Understanding of Disease
- 1768 – TB meningitis: Robert Whyth published the first clinical description of TB meningitis in his monogram on ‘Dropsy in the brain’ in children (2).
- 1847 – TB meningitis: Charles Morehead described the autopsy findings in children with TB meningitis. Ford described the tuberculoma (3).
- 1882 – tuberculoma excision: Excision of a tuberculoma was reported by Wernicke and Hahn (4).
- 1882 – Mycobacterium tuberculosis: M. tuberculosis was described on 24 March 1882 by Robert Koch (2).
- 1921 – BCG vaccine: The first genuine success in immunizing humans against tuberculosis was developed from attenuated bovine-strain tuberculosis by Albert Calmette and Camille Guérin in 1906. BCG vaccine was first used on humans in France (1).

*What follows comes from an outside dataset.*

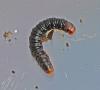 Aglossa sp.
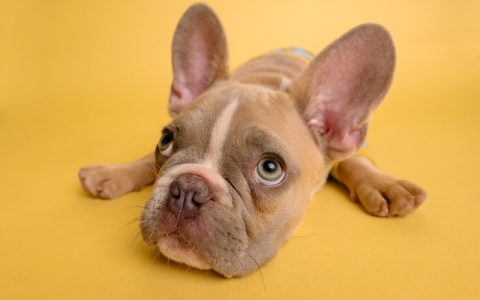 泰迪和比熊哪个更爱叫？两种犬吠叫特点全面对比分析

- 1943 – antibiotics discovered: Albert Schatz, Elizabeth Bugie, and Selman Waksman isolated Streptomyces griseus, which produces streptomycin, the first antibiotic and first bacterial agent effective against M. tuberculosis (5).

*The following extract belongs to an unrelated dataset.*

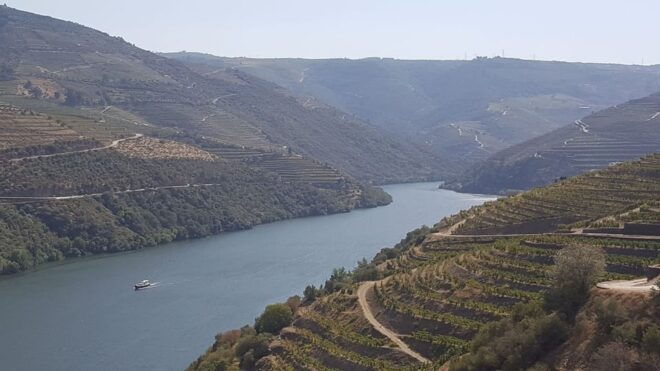 Porto: Douro Valley Tour With 2 Wineries, Cruise & Lunch - Culinary Highlights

- 1993 – W.H.O. declaration of emergency: The resurgence of TB resulted in the declaration of a global health emergency by the W.H.O. in 1993. Every year, nearly half a million new cases of multidrug-resistant TB are estimated to occur worldwide (6).
- Diagnostic assays: Currently available molecularly based techniques include commercially available nucleic acid amplification (NAA) methods and other polymerase chain reaction (PCR)-based methods, antibody detection, antigen detection, and chemical assays such as adenosine deaminase (ADA) and tuberculostearic acid measurements.
- Vaccines: The TB vaccine pipeline is showing progress, with seven vaccine candidates currently in clinical development including candidates being evaluated in pediatric populations (7).
- Antibiotics for multidrug-resistant TB: At present, the global TB development pipeline has nine candidates, but a key issue is to develop them concomitantly in combination trials to identify the best regimen in the shortest period of time. The challenge is to develop new regimens of investigational drugs with existing TB drugs or drug candidates to avoid developing each drug sequentially and thereby shortening the development timelines that might otherwise spread over decades (8).
- Tuberculomas/TB brain abscesses/vertebral TB: During the twentieth century a growing sense of confidence in medical management relegated surgery to a secondary position in the management of CNS TB. Surgery is now used for diagnosis, to manage cases of medical failure, and for certain complications of the disease.
- Early 21st century – minimally invasive options: Stereotactic biopsy (modern frame-based and frameless techniques) and ETV offer minimally invasive options for surgical treatment of CNS TB.
- Management of hydrocephalus: Hydrocephalus, either acute or chronic, may require serial lumbar punctures, EVD, or shunting. The development of modern shunt valves revolutionized the treatment of hydrocephalus.